Unfortunately these days, American consumers have more to worry about than just accumulating savings. There are also bills to pay, and many of us have turned to plastic over the past several years to help cover our basic needs. Thankfully, the economy has started to recover and many people now find themselves back in the fortunate situation where they can start funneling money back into savings.
If you find yourself in this situation, you may be wondering where your money will most effectively work – in your savings or paying down your credit card debt. Here’s some info to help you answer that question.
|Infographic: Compound Interest © CreditDonkey|
The Split Personality of Compound Interest
Consumers often associate compound interest with savings accounts but it actually applies to your credit card debts as well, giving it a split personality of sorts.
- Savings: With your savings accounts, you are not only earning interest on your original deposit(s), you’re also earning interest on the interest payments that have already been applied to your account. This rate is known as your APY (annual percentage yield), which is a fancy term for the annual rate of return on your cash investment.
Related: Best Online Savings Account
- Credit Card Debt: Likewise, with your credit card accounts, you’re accruing interest on not only your balance but also interest that was previously charged. Your credit card rate is known as your APR (annual percentage rate), which helps you compare the cost of the various cards in your wallet.
As you can see, compound interest can be a great benefit to your finances while at the same time cost you money. The trick is to take advantage of the APY while diminishing the balance affected by APR.

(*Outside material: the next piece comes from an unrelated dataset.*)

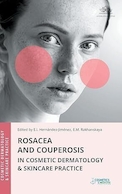 Rosacea and Couperosis in Cosmetic Dermatology & Skincare Practice | روزاسه و کوپروز در مراقبت های پوستی و زیبایی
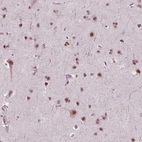 Immunohistochemical staining of human cerebral cortex shows strong nuclear positivity in neurons.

Creating an Emergency Fund
Whether you’re focusing on building your retirement, chipping away at credit card debt or a little of both, it’s always smart to have an emergency fund tucked away just in case. Emergency savings funds can be relatively easy to build. Simply take a look at your available resources to determine how much you have available to set aside each month.
This may take precedent over your retirement or paying down debt for a couple of months. While you’ll still want to make more than just the minimum credit card payment each month, you may end up funneling some of your funds earmarked for credit card payoff toward emergency savings until that account is where you’d like it to be. A general rule of thumb is for your emergency fund to amount to at least 2 to 3 months of your take-home salary.
Paper Versus Plastic?
Once you’ve built your emergency fund, you can turn your attention back to retirement and credit card debt. And here comes the big question – do you pay off all your debts first or do you split your attention between the two?

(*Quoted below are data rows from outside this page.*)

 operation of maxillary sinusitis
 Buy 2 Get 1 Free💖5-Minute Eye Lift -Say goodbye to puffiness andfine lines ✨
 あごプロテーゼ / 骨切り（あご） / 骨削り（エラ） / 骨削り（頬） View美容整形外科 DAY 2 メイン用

The answer to that question ultimately depends upon your situation and what makes you most comfortable. But before making a choice, it’s always good to see a snapshot of your earnings potential in each scenario. We’ve included a sample snapshot but you’ll want to run your own scenarios as your APY, APR and balances will make a huge difference in your compound interest earning potential.

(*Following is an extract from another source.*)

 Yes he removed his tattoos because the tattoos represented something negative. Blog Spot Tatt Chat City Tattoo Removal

If you start to feel overwhelmed by your choices, it’s time to take a step back. Really, what this all comes down to is this: who is paying more in compound interest – the bank (for your savings) or you (for your credit card debt)?
Paper or Parchment?
Of course, there are more factors to this scenario than just savings versus debt. You will also need to choose the savings vehicle for your money.
If you have a company sponsored retirement plan or an IRA, you may find that splitting your funds between savings and debt makes more fiscal sense. Alternatively, if you’re planning on putting your savings in a bare-bones account, you’re not likely to see much along the lines of compound interest as most bank accounts offer a fraction of a percent when it comes to the APY.
It’s always a wise idea to meet with a financial professional who can help you evaluate your savings options. They will be able to guide you to the accounts that make the most sense for your lifestyle and match your risk comfort level. They can also help explain the ins and outs of compound interest and how to factors into your unique financial profile.